Though I know so many of the moms who were present had been in my shoes before, I couldn’t help but feel a little judged. If I were able to hear their thoughts, I was certain they would have sounded like: “Why can’t she keep her son quiet?” “Looks like she’s raising a brat!” “Where’s her husband?” “Why did she sit so close to the front?” “Does she even have a kid in this school? I’ve never seen her at a PTA meeting!” “One word, lady: babysitter!”

Just as I made it to the back, I saw her. You know, the mom that all the other moms talk about. As I passed, I noticed a faint smell of whisky looming in the air around her. Her dark, curly hair was a slight birds’ nest of a mess. Her clothes, ill fitting, aimed desperately to be professional in appearance, though fell short because of the small specks of food (or something) that had stained the corner of her lapel. I watched her for a moment, almost gawking that someone was more awkward than me – me with my over-tired babbling boy, screaming through the rows about his new found fecal philia.
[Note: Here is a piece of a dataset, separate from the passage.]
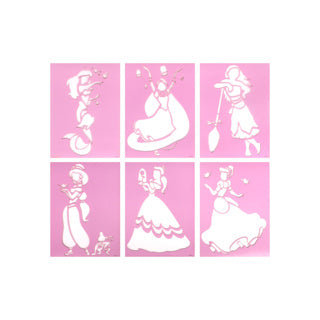 Disney Prinses Blaaspennen Set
This mom, she clapped ferociously after every child’s pause in speech. And sometimes when they weren’t yet done. She cheered occasionally the way that college girls do at Mardi Gras when they catch a string of beads. A long “WHHOOOOOOOOOHOOOO,” even raising up her hands as if she were on an amusement park ride. And toward the end, she started throwing out phrases like an eager and raucous church lady, saying “Uh huh, that’s right” or “You tell ‘em!” And to one of the boys she even stood up and said “You go, girl.”

In my prior haste to get to the back of the room, I had noticed the thick and steaming snickers of judgement pervading the air around me. Because I can be a bit self-centered, I had misinterpreted it to think that they were all aimed at me. But they weren’t. Not most of them, anyway. After watching for a moment, I realized that they had been directed at this mom. The mom that all the other moms avoid.

Finally, as it was time for her daughter and my daughter (who were in the same class) to make their presentations, I noticed the kids shuffling out with timid confusion. They each came out in a small groups, mumbling briefly into a dusty old microphone before scooting off into the shadows. I was able to catch my daughter’s presentation before she scurried off with the rest. She had been so nervous, but when she saw us in the audience, even though we had moved so far to the back, she smiled with ease and seemed to instantly relax. The juxtaposition between my daughter and her classmate, however, was profound.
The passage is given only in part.